In coal mining activities, the abutment stress of the coal has to undergo cyclic loading and unloading, affecting the strength and seepage characteristics of coal; additionally, it can cause dynamic disasters, posing a major challenge for the safety of coal mine production. To improve the understanding of the dynamic disaster mechanism of gas outburst and rock burst coupling, triaxial devices are applied to axial pressure cyclic loading-unloading tests under different axial stress peaks and different pore pressures. The existing empirical formula is use to perform a non-linear regression fitting on the relationship between stress and permeability, and the damage rate of permeability is introduced to analyze the change in permeability.

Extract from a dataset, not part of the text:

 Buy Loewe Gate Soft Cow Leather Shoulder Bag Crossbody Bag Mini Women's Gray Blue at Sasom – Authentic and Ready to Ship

The results show that the permeability curve obtained had "memory", and the peak stress was lower than the conventional loading path. The permeability curve and the volume strain curve show a clear symmetrical relationship, being the former in the form of a negative power function. Owing to the influence of irreversible deformation, the permeability difference and the damage of permeability mainly occur in the initial stage of loading-unloading, and both decrease as the number of cycles of loading-unloading increase. At the end of the first cycle and the second cycle, the permeability decreased in the range of 5.777 - 8.421 % and 4.311-8.713 %, respectively. The permeability decreases with an increase in the axial stress peak, and the damage rate shows the opposite trend. Under the same conditions, the permeability of methane is always lower than that of helium, and it shows a V-shape change trend with increasing methane pressures, and the permeability of the specimen was 3 MPa > 1 MPa > 2 MPa.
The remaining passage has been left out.